Veran shook his head. “You must be joking. Aergistal is at the other end of the universe. I wouldn’t even know what direction to send it in. Without the coordinates you gave me, I’d never have found the way to this planet in a billion years. Besides, consider the Law of Non-regressive Information.”
“What sort of law is that?”
“A transmitter cannot be its own receiver,” Veran said patiently. “I can’t warn myself. That would unleash a series of oscillations in time which would eventually damp each other out to get rid of the disturbance. The space between the point of origin and the point of arrival would be annulled along with everything contained in it. That’s why I haven’t shown you the text of your message. I haven’t lost it—it’s here under my elbow. But I don’t want to reduce your chances of sending it.”
“The universe won’t tolerate contradictions,” Corson said.
“That’s a sadly anthropomorphic point of view. The universe tolerates anything. You can even show mathematically that it’s always possible to construct systems of propositions that are rigorously contradictory and mutually exclusive, no matter how powerful the systems may be.”
“I thought mathematics was self-consistent,” Corson said softly, “From a logical standpoint. The theory of continuity—”
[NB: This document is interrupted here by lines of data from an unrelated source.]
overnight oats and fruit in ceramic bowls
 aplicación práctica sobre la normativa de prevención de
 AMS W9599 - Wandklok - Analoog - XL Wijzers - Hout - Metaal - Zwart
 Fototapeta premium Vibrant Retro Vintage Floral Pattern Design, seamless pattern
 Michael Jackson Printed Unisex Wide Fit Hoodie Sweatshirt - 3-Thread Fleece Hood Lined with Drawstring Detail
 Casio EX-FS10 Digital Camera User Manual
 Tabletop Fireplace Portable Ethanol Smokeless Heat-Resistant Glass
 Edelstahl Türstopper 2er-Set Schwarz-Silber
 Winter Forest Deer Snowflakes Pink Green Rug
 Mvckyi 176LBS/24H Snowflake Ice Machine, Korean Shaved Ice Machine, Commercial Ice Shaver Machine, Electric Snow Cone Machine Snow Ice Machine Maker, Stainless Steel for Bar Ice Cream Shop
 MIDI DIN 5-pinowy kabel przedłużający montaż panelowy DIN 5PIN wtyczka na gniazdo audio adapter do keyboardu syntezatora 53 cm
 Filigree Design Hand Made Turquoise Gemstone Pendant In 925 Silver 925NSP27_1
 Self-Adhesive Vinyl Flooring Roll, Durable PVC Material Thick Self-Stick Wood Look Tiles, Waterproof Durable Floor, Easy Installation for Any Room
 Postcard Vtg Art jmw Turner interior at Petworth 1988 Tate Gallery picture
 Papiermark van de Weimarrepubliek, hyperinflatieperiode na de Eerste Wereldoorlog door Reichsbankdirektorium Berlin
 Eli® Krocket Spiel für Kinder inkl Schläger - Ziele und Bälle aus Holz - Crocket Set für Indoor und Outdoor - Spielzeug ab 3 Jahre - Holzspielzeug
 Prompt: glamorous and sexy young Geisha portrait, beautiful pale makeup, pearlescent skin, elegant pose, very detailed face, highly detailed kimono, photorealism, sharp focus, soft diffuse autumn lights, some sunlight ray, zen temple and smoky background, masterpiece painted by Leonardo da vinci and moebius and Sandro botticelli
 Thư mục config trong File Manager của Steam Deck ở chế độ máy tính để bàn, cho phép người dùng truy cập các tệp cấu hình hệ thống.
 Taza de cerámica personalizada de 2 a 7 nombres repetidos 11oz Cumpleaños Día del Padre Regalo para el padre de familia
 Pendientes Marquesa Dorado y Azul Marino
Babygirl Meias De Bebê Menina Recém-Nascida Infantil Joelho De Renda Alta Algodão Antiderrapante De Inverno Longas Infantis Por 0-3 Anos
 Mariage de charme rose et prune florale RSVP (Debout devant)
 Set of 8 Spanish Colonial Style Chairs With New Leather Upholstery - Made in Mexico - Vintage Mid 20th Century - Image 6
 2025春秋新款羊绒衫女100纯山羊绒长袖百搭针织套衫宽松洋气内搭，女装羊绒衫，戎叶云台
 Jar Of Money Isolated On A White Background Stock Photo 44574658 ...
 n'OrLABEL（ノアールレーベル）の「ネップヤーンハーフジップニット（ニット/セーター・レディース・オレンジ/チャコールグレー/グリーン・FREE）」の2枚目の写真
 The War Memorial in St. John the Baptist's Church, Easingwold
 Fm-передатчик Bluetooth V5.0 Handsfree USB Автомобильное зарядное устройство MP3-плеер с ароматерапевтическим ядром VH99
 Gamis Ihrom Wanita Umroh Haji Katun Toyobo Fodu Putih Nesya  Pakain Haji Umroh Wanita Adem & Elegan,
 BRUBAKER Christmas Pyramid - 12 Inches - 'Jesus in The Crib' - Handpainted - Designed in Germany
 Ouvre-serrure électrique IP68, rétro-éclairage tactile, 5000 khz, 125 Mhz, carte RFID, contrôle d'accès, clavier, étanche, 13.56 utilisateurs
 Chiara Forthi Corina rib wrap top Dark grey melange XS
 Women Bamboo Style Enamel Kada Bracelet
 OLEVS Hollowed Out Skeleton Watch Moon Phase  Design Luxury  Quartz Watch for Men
“You surprise me as much by what you don’t know as by what you do, Corson. The theory of continuity was undermined three thousand years ago, local time. Besides, it doesn’t have much application to your case. What is true is that any theory based on an infinite number of postulates must always contain its own contradiction. It destroys itself, it dissolves into nothing, but that doesn’t stop it from existing. On paper.”
So that’s why I have to grope my way down the alleys of time, Corson thought. My counterpart in the future can’t tell me what I’m supposed to do. Yet there are gaps, and scraps of information leak through that help me to find my bearings. There must be another kind of physics which takes no account of such disturbances. If I tried to get that paper away from him and force the future to—
“I wouldn’t do that if I were you,” Veran said, as though he had read Corson’s mind. “Personally I don’t set too much store by the theory of non-regressive information, but I’ve never dared infringe the law.”
Yet, as Corson knew, in the very far future the gods would be doing it all the time. They would play with possibilities. The threshold of their interference would be so high the entire universe would be affected. With all barriers down, it would open up, liberate itself, multiply, putting an end to compulsion, making nonsense of what the moving finger writes. Man would cease to be imprisoned in a tunnel linking birth to death.
“Don’t sit there mooning, Corson,” Veran cut in. “You told me that these birds have fantastic weapons they will put at my disposal. You’ve said I’ll never catch the wild pegasone which you claim is at large on this planet without the Urians’ help. And they need me to wreak their revenge for them, they need a trained fighting man to undertake conquests on their behalf and also to tame the pegasone before it breeds and probably brings down on their heads the Security Office, in which case their guns will be well and truly spiked. Maybe you’re right. It all fits together so neatly, doesn’t it?”
He shot out his hand far too quickly for Corson to ward it off or even to dodge back. The mercenary’s fingers brushed his neck. But Veran wasn’t trying to strangle him. He caught hold of the chain on which Corson’s transmitter hung, no larger than a lucky charm. He shut it in a small black shell which he had concealed in the palm of his hand. Corson seized his wrist, but Veran disengaged with a crisp movement.
“We can talk openly now. They won’t hear us any more.”
“They’ll be worried by our silence,” Corson said, at once relieved and alarmed.
“You underestimate me, friend,” Veran said coldly. “They will go on hearing our voices. We shall be chatting about the weather, the art of war, the value of an alliance… Our voices, the tempo of our conversation, the length of our pauses, and even the sound of our breathing have been analyzed. Why do you think I went on gossiping for such a long time? Now a little gadget will send them a conversation which may be a trifle boring but as educational as you could wish. There remains one more precaution I must take. I’m going to give you another bit of jewelry.”